My first time I did this, I had a bit of help from my brother in case the 20 some guests didn't get it, but we didn't seem to have a problem. Just after dinner was finished, we had a lamp that was set up with an overhead projector plastic film on it (can you still get those these days?? heehee) and it had a clue about bats that was projected onto the ceiling. There was a bat set up next to a stack of books on the fireplace mantle. ONE of those books was one that was carefully pitted out by my bro to hold a note. Yours could hold a key or the sock itself with the note inside that you mentioned earlier.

In our, the final part was the finding of the key to the ghost who was haunting the mansion....which was attached to a skeleton hand in our backyard pond. I remember the shrieks when I heard them find it...it was amazing...but not as amazing as when they realized that the MAB_N on the keytag matched the name on the storage shed in the back and they finally located the corpse I'd set up there along with his diary of his terrible demise.

Anyway, just ideas that might spur you along...if you aren't ready yet, don't worry.....I've done dozens of these and some years, it's the night before and I'm still adding clues  Have fun!!!!


----------



## MsMeeple (Aug 21, 2004)

great_ghoul said:


> My first time I did this, I had a bit of help from my brother in case the 20 some guests didn't get it, but we didn't seem to have a problem. Just after dinner was finished, we had a lamp that was set up with an overhead projector plastic film on it (can you still get those these days?? heehee) and it had a clue about bats that was projected onto the ceiling. There was a bat set up next to a stack of books on the fireplace mantle. ONE of those books was one that was carefully pitted out by my bro to hold a note. Yours could hold a key or the sock itself with the note inside that you mentioned earlier.
> 
> In our, the final part was the finding of the key to the ghost who was haunting the mansion....which was attached to a skeleton hand in our backyard pond. I remember the shrieks when I heard them find it...it was amazing...but not as amazing as when they realized that the MAB_N on the keytag matched the name on the storage shed in the back and they finally located the corpse I'd set up there along with his diary of his terrible demise.
> 
> Anyway, just ideas that might spur you along...if you aren't ready yet, don't worry.....I've done dozens of these and some years, it's the night before and I'm still adding clues  Have fun!!!!

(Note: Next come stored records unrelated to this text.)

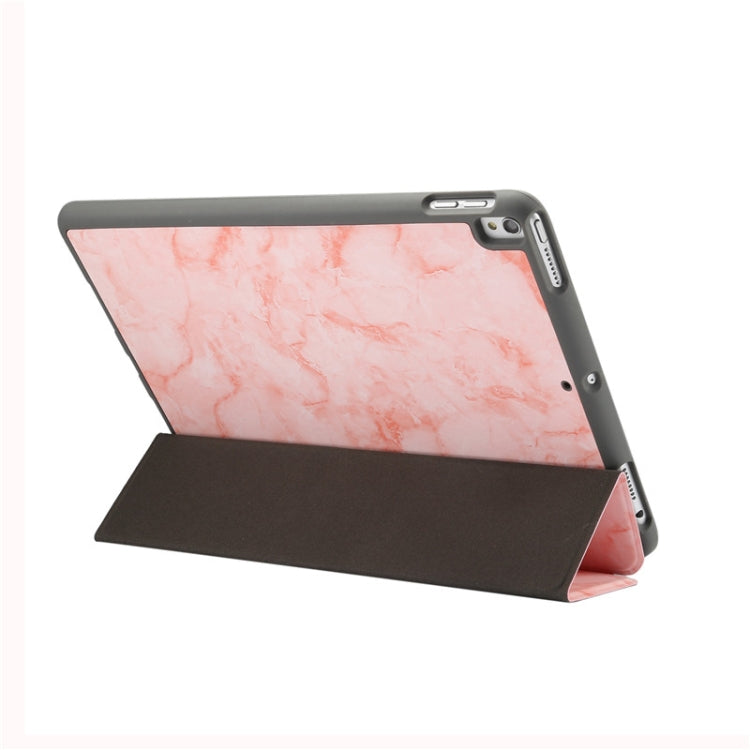 ซองหนังพลิกแนวนอนลายพื้นผิวหินอ่อนสำหรับ iPad Air 2019 10.5 นิ้วพร้อมตัวยึดสามพับและช่องใส่ปากกาและฟังก์ชั่นพัก / ปลุก, For iPad Air 2019 10.5 inch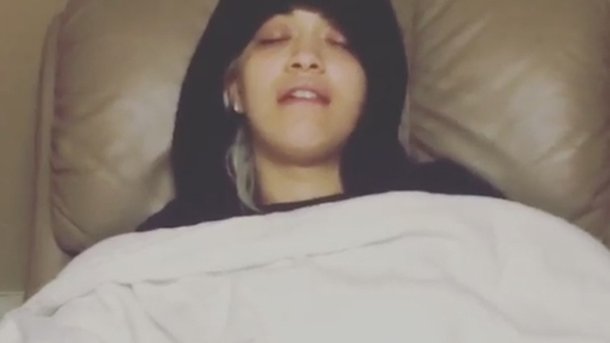 Rita Ora garde le sourire même après son opération!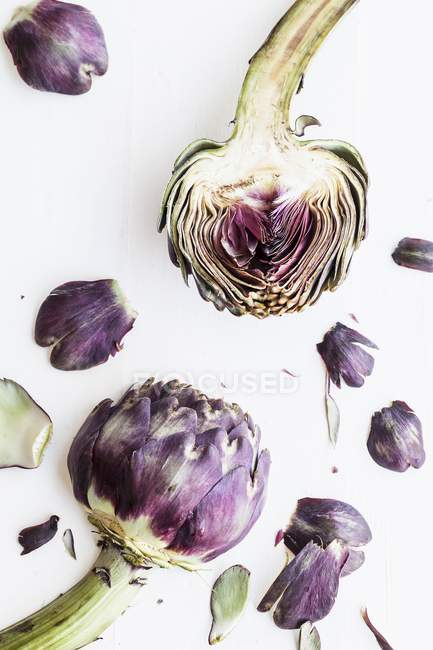 Artichauts violets avec feuilles — Photo de stock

Wow, that is really creative! Especially the part where they find the key and the number on it leads them to the shed! I hope I can come up with such difficult and creative clues. Thanks for posting.

MsM


----------



## great_ghoul (Aug 14, 2004)

Hope it's still going well Ms Meeple.....I would love to see pics when you get through. I have several Dutch people attending my party this year again (many of them much older, and I might like to use your sock idea for my party....it would help bring a lot of people together if only SOME people had a clue about "the clues"...if you know what I mean). 

In any case, message me if you need anything more detailed or if you get stuck...but it sounds like you are well on your way. Best wishes for a very happy, and haunted halloween!!!!


----------